Karnes County
Pictured: A U.S. immigrant detention facility in rural Karnes County, Texas, about 60 miles southeast of San Antonio. Reuters/Jim Forsyth

U.S. Republican lawmakers grilled Homeland Security Secretary Jeh Johnson on immigration this week over President Barack Obama’s immigration executive actions in a prelude to escalating backlash following the president’s moves. But while Johnson defended the legality of deportation relief for millions of undocumented immigrants, he also brandished the other major part of the executive action: strengthened border security, enhanced by an expansion of immigration detention centers.

This month, the Department of Homeland Security is set to open the country’s largest-ever family detention facility in Dilley, Texas, targeted at families crossing the southern border illegally. The administration greatly expanded family detentions after the number of children and family units coming into the country, many of whom were fleeing violence in Guatemala, Honduras and El Salvador, spiked over the summer. In June alone, 16,329 family units were apprehended. But by August, that figure fell to 3,295 and has continued to drop off. Nevertheless, Johnson indicated plans to expand U.S. family detentions in the coming months in case those numbers rise again.

“I believe that added detention capability on the southern border, and some disagree with me, is essential to border security,” Johnson said during his testimony Tuesday.

Immigration detention has long rankled immigration advocates, who cite poor conditions, mistreatment of immigrants and denial of due process in many facilities. But family detention has been a particularly prickly subject, especially for those who remember swirling abuse allegations over the T. Don Hutto family detention center in Texas, which prompted authorities to shut it down in 2009 and largely halt the practice of family detention until this year.

For some, the revival of family detention symbolizes the disconnect between the Obama administration’s leniency toward undocumented immigrant families inside the U.S. and increased crackdown on families crossing the border illegally. “There’s a real discrepancy between this approach to look tough at the border for the folks who are coming in, but to be compassionate for the folks who are already here,” Mark Noferi, enforcement fellow at the American Immigration Council, said. “It seems like there’s an attempt to separate those two issues. But of course many of the folks who are coming here have families who are already here.”

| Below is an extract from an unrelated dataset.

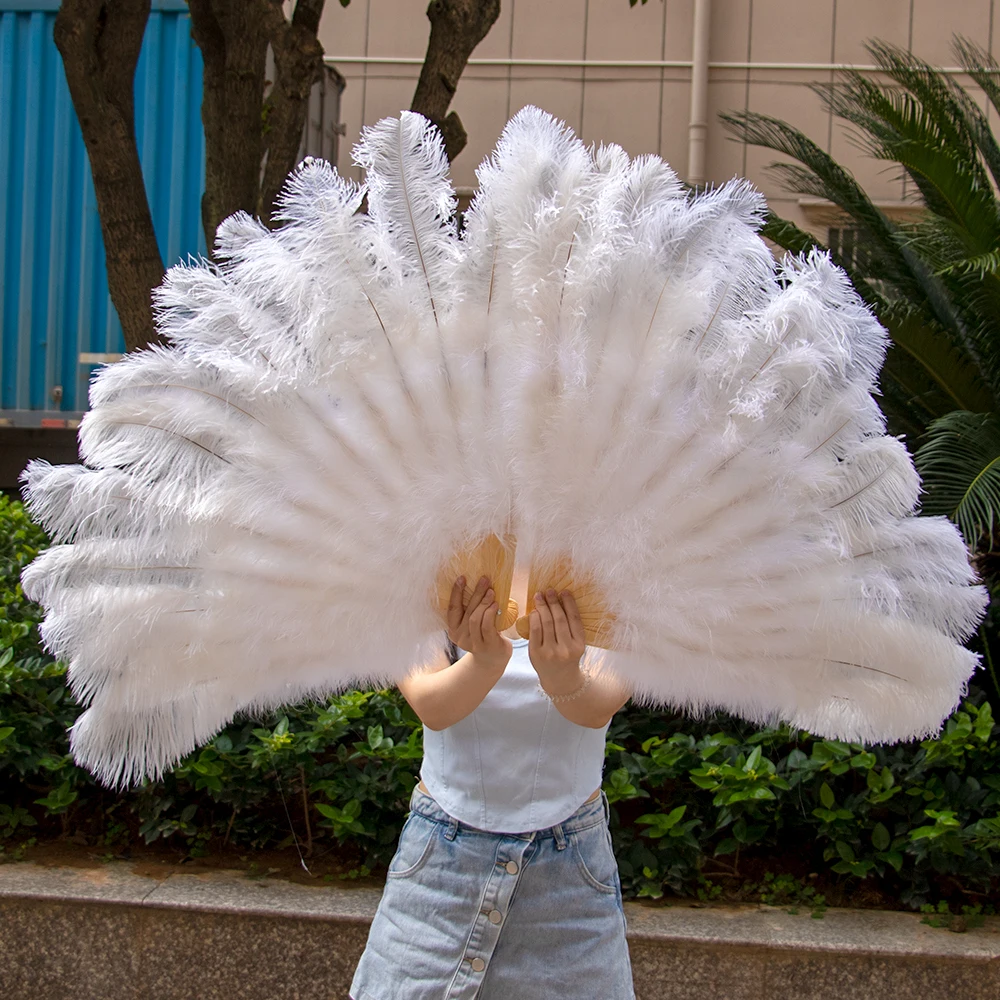 13 Bars Colored Ostrich Feather Fans Fluffy Plumes Folding Fan for Carnival Party Stage Opera Holding Props Decor Accessory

Before this summer, Central American family units caught by Border Patrol agents would generally be released with a notice to appear in court. But Johnson began authorizing new detention facilities for these families in part to dissuade more people from arriving.

“If you come here illegally, and don’t have a legal basis to stay under our laws, we will send you back,” he said in July. When the migration numbers began to fall in August and September, Johnson credited detentions in part for contributing to the slowdown. But some analysts have said the shift is seasonal, and downplay detentions possible deterrence factor. “If someone’s fleeing for their life, it’d be very hard to deter them,” Noferi said.

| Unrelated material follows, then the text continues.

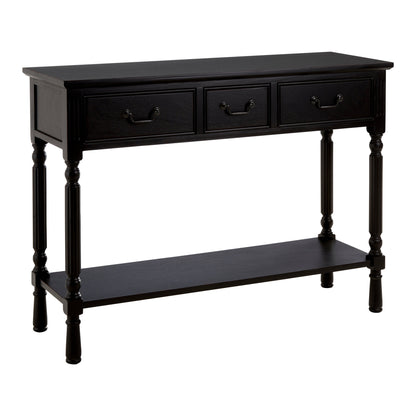 Cambridge 3 Drawer Vintage Black Console Table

Until June, only one small, 85-bed family detention facility was in operation in Leesport, Pennsylvania. Since then, the Department of Homeland Security has opened three additional facilities: the 700-bed center in Artesia, New Mexico, a 532-bed center in Karnes County, Texas, and finally, the 2,400-bed facility in Dilley, Texas.

The new detention centers were supposed to avoid going the same way as the Hutto center, which was plagued by complaints that its migrant detainees were treated like prisoners, complete with barbed wire lining the perimeter of the facility. But the new centers have also attracted controversy. The Artesia facility is closing down after facing a barrage of criticism and a lawsuit over what civil rights groups said were deplorable conditions and mistreatment of traumatized women and children fleeing violence. The lawsuit, filed in part by the American Immigration Council, references restricted access to legal counsel and women pressured to detail experiences of abuse in front of their children. Advocates have also decried Artesia as a deportation mill that has deprived immigrant families of due process in seeking relief inside the United States.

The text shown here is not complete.